Once the pictures are set aside, transcribe the remaining data exactly.

-- PROVIDED DATA follows --

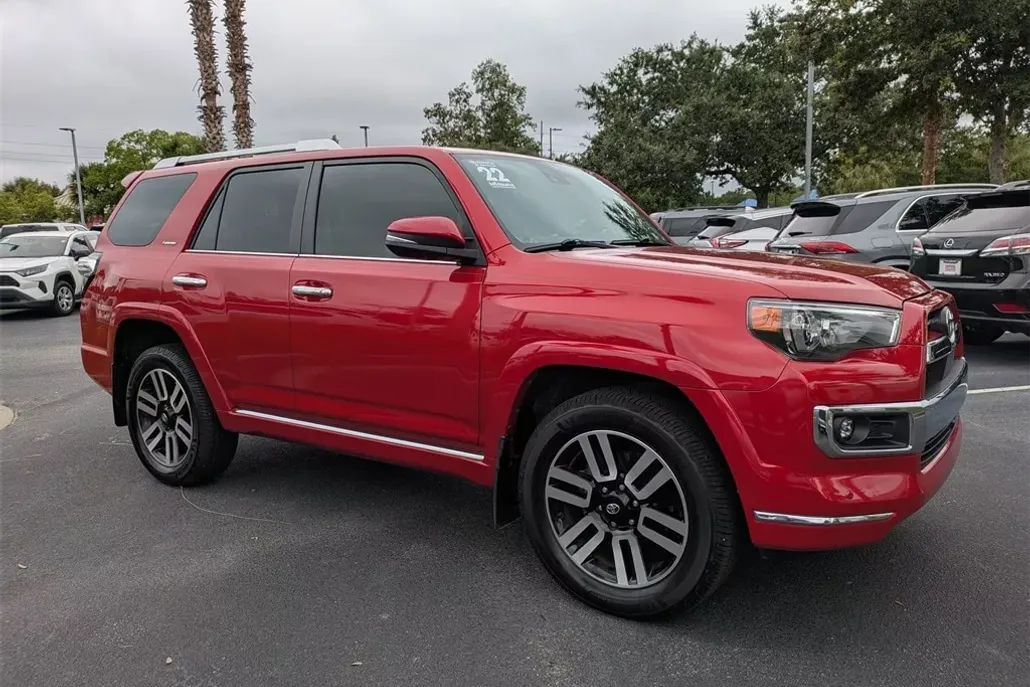 2022 Toyota 4Runner Limited photo 1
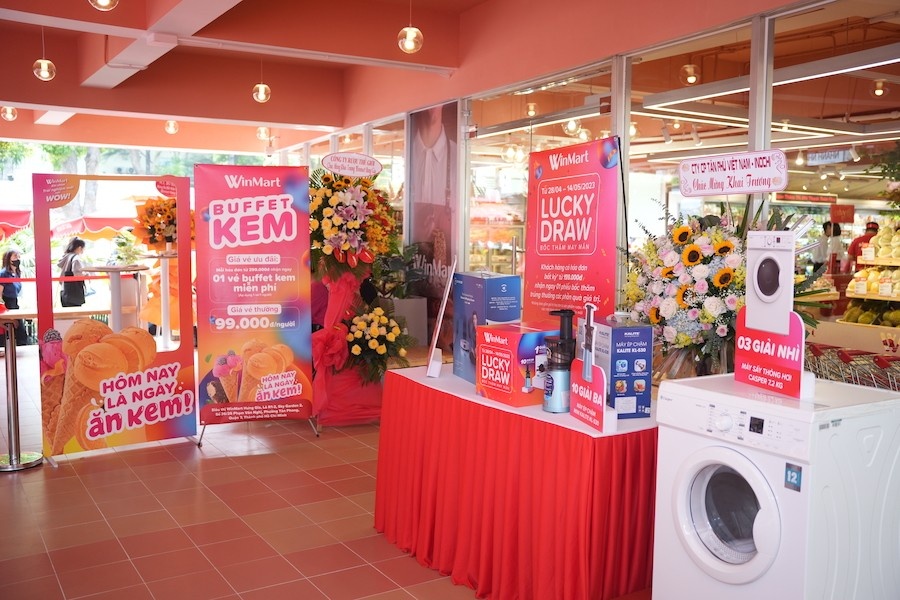 Trong tuần lễ khai trương, siêu thị WinMart Phú Mỹ Hưng tổ chức nhiều hoạt động thú vị với cơ hội nhận thưởng lên tới 50.000.000đ cho khách hàng tham quan mua sắm. Trong tuần lễ khai trương, siêu thị WinMart Phú Mỹ Hưng tổ chức nhiều hoạt động thú vị với cơ hội nhận thưởng lên tới 50.000.000đ cho khách hàng tham quan mua sắm.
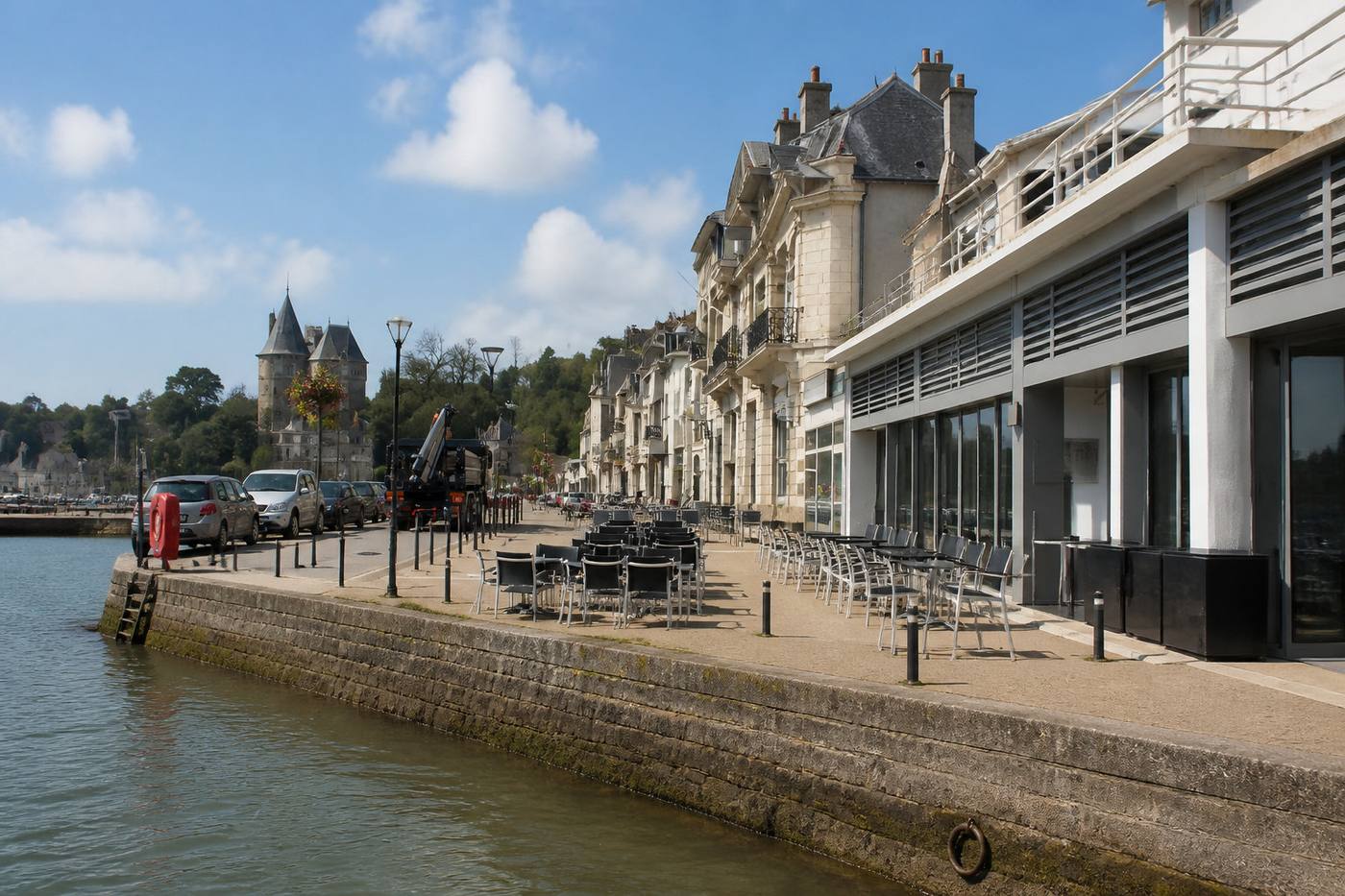 Le vieux port et les terrasses du quai Leray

-- PROVIDED DATA concluded --

**ANSWER TO THE EXERCISE:**
 2022 Toyota 4Runner Limited photo 1
 Trong tuần lễ khai trương, siêu thị WinMart Phú Mỹ Hưng tổ chức nhiều hoạt động thú vị với cơ hội nhận thưởng lên tới 50.000.000đ cho khách hàng tham quan mua sắm. Trong tuần lễ khai trương, siêu thị WinMart Phú Mỹ Hưng tổ chức nhiều hoạt động thú vị với cơ hội nhận thưởng lên tới 50.000.000đ cho khách hàng tham quan mua sắm.
 Le vieux port et les terrasses du quai Leray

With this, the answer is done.